Знакомство родителей с Церетели продолжалось вплоть до его и Сварожича ссылки — вероятно, году в 1933–1934. Я с интересом слушала рассказы мамы, передаваемые всегда с улыбкой иронии и восхищения, об этой необыкновенной жизни и доме, где игра, жест, слово входили в реальность на первых ролях. Там не всегда была еда, но собиралась необыкновенная коллекция русской народной игрушки, там не думали о завтрашнем дне и не отказывали ничьей просьбе, если она продиктована искренним желанием, но и не признавали условностей в удовлетворении своих желаний.

Однажды поздно вечером в окно комнаты Церетели постучался какой-то прохожий и попросил «добрых людей» подать что-нибудь «закусить». Церетели засуетился и, не найдя ничего в комнате, отправился на кухню, откуда принес, перекатывая в ладонях, несколько дымящихся паром картофелин. «Откуда?» — удивился Сварожич. — «У соседей варилась, — спокойно ответил тот, протягивая в форточку картошку незнакомому пьянице. — Надо же человеку закусить». Мама смеялась: «Они вечно жалуются, что с их соседями невозможно жить».

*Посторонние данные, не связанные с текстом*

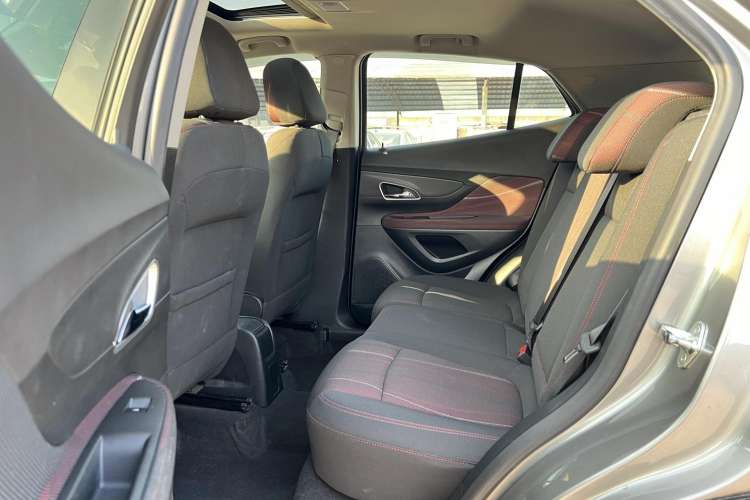 Used Buick Encore 2015 1.4T Manual Two-Wheel Drive Urban Advanced Model Left Rear Seat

Другой раз сестра Церетели, тоже актриса, посетовала, что ей совершенно нечего будет надеть на какое-то театральное празднество. Ни слова не говоря, Церетели царственным жестом сорвал с окна штору и молча протянул сестре. Подарок был поистине царский: это была одна из двух драгоценных восточных шалей, заменявших в этом доме занавески. Ведь Церетели был внуком Эмира Бухарского, а грузинская фамилия появилась лишь как неграмотная прихоть какого-то русского чиновника, принимавшего на службу в качестве офицера русской армии знатного инородца — отца будущего актера Камерного театра; чиновник не различал этих азиатских имен.

Подобными живописными историями об артистической экстравагантности своих недавних учителей щедро развлекала нас мама, питая мое воображение. За полную достоверность этих историй полувековой давности, конечно, не ручаюсь, но дух их — дух беспечности и игры, насмешки над былым величием и внутренней верности духовному аристократизму чувствовался мною безошибочно. Он был знаком и понятен мне по собственной моей маме: хотя у нас и не висели на окнах драгоценные бухарские шали, но если бы были, не сомневаюсь, что их постигла бы похожая участь.

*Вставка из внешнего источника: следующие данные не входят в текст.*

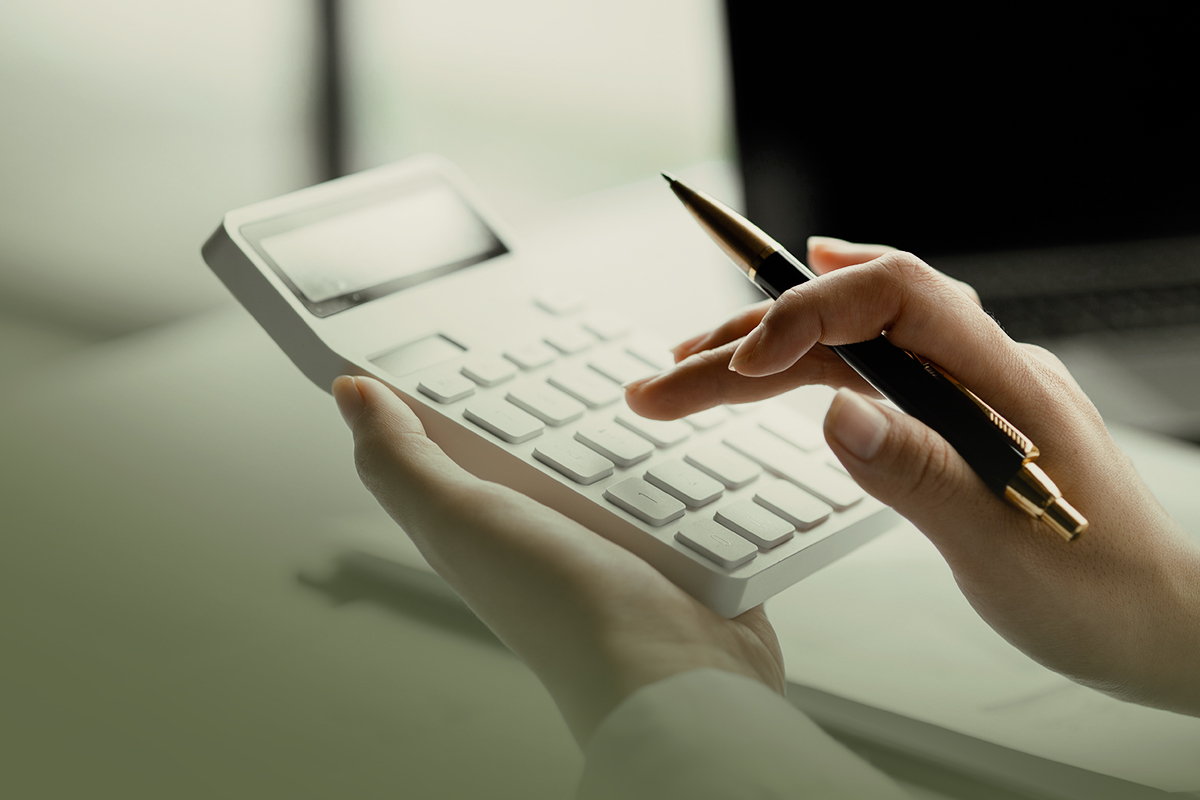 Contrato de representação comercial: É possível cobrar do representante a inadimplência do cliente?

Грустно-жутковатый след в моей душе оставила ранняя смерть одного из бывших студийцев, высокого, тонкого, изящного «пана Желиховского» (так звали его друзья: он был поляк). Желиховский — первый знакомый человек, о смерти которого я узнала. Он долго болел туберкулезом, а потом умер. А вскоре умерла и его мать — он был единственным ее сыном. Все вокруг были молоды, и смерть еще потрясала. А много лет спустя я узнала, что мать Желиховского умерла прямо на могиле сына: пошла зимой к нему на кладбище, как ходила каждый день, да так там и осталась. Через несколько часов ее нашла их старая прислуга. Хорошо, что мне не рассказали этой истории в детстве — мне бы ее хватило на годы одиноких ночных мук.